NEW YORK - Oil prices slumped below $60 a barrel on Monday as unusually warm temperatures in the US Northeast capped heating oil use, adding to worries high world energy prices had slashed demand growth.
US crude CLc1 settled down $1.46 to $59.76 a barrel - the lowest settlement since July 27. London Brent crude LCOc1 was down $1.32 at $58.10 a barrel.
"The market is lower as weather forecasts are considered rather bearish through the middle of the month," said Kyle Cooper, an analyst at Citigroup in Houston.
US demand for heating oil is expected to be about 30 per cent below normal this week as temperatures in the US Northeast warm up after an early chill, according to the US National Weather Service.
A slow start to the winter heating season would compound widespread worries that historically high energy costs are cutting into demand growth.
"If you look at statistics every week, there's a drop in demand year-on-year. People are focusing on that," said Tony Nunan, a manager at Mitsubishi Corp.'s risk management.
The most recent figures from the US Energy Information Administration show fuel demand in the world's largest energy consumer lagging more than 2 per cent below a year ago.

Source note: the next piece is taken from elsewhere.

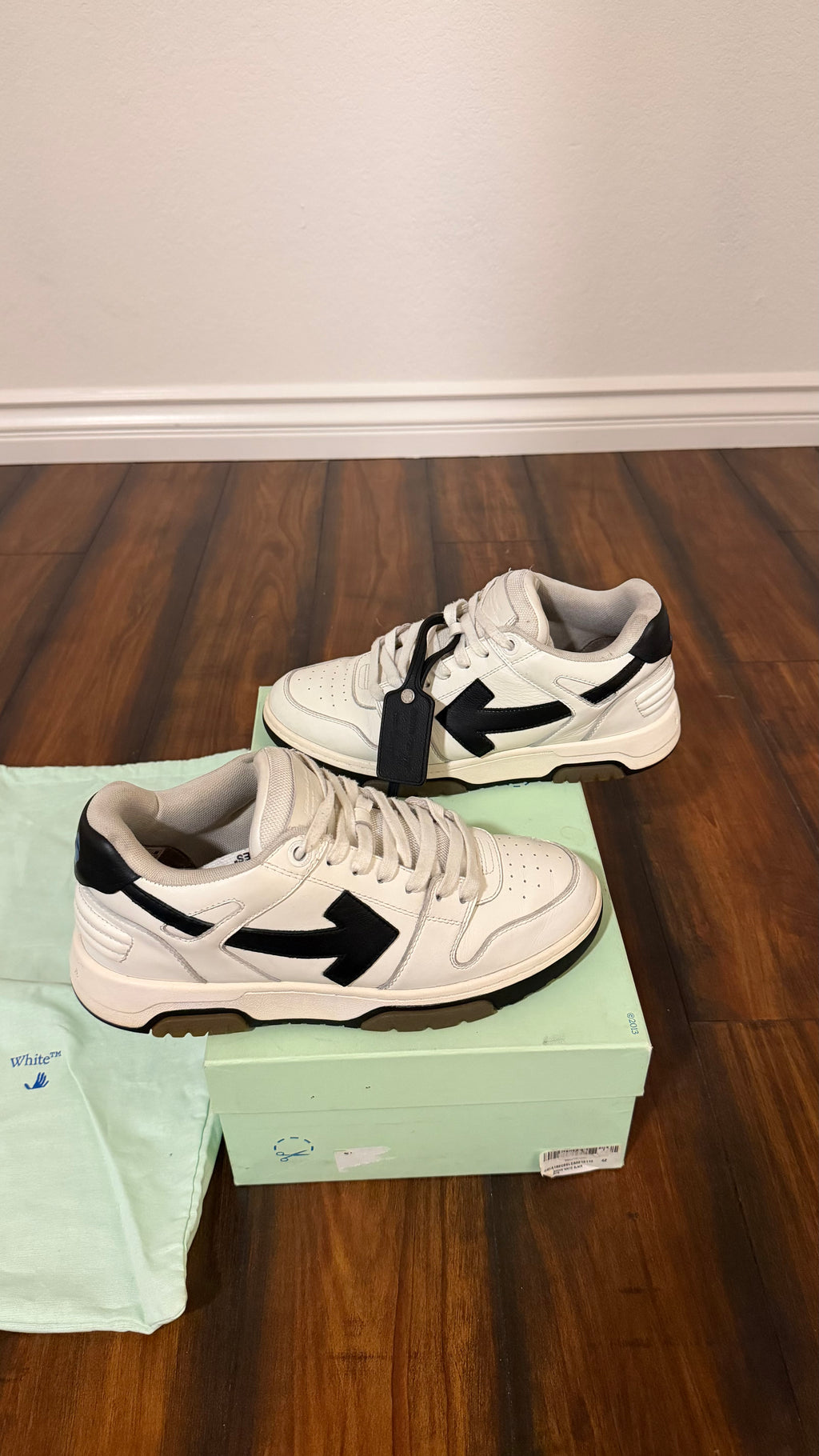 Off-white arrow sneakers (size 42EU - 9US)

But some analysts are skeptical that the demand slowdown will last, with signals that the US economy is holding up well under the strain of high energy costs. The US economy logged faster-than-expected 3.8 per cent annual growth in the third quarter.
Additional signs that Chinese crude demand is rising after a tepid start to the year should also support prices.
"When the oil market notices that China is back, and remembers the fire that China's exploding oil demand lit under prices last year, the 'China factor' alone should be sufficient to floor near-term prices," said Deborah White, senior energy analyst SG Commodities in Paris.
TIGHT SUPPLIES
The Northern Hemisphere winter is approaching at a difficult time for the US oil industry, with refiners and producers still struggling to restore operations after being battered by hurricanes in the Gulf of Mexico.
Lost heating oil output and high natural gas prices have led to concerns in some quarters that Americans could run short of heating fuels in a winter cold snap.
Repairing all the damaged rigs, platforms and pipelines in the Gulf of Mexico damaged by hurricanes Katrina and Rita will take up to a year and crude oil output will not return to normal until the end of March, US Interior Secretary Gale Norton said last week.
Some 67.72 per cent of the Gulf's 1.5 million bpd of crude production stayed shut, along with 54.27 per cent of the region's 10 bcfd of natural gas output, the MMS said.
Since Aug. 26, hurricanes have shut some 74.7 million barrels of crude production - the equivalent of more than three-and-a-half days of US consumption - and 381.1 bcf of natural gas production, the MMS detailed.
On shore, four refineries remained completely shut by the hurricanes, amounting to just over 1 million bpd of processing, or 6 per cent of US capacity.
Oil traders are also closely monitoring a strike threat at Europe's largest refinery, Shell's 418,000-barrels per day Pernis plant in Rotterdam.
Workers were set to go on strike on Monday over pension demands, threatening to disrupt Europe's supply of distillates ahead of winter.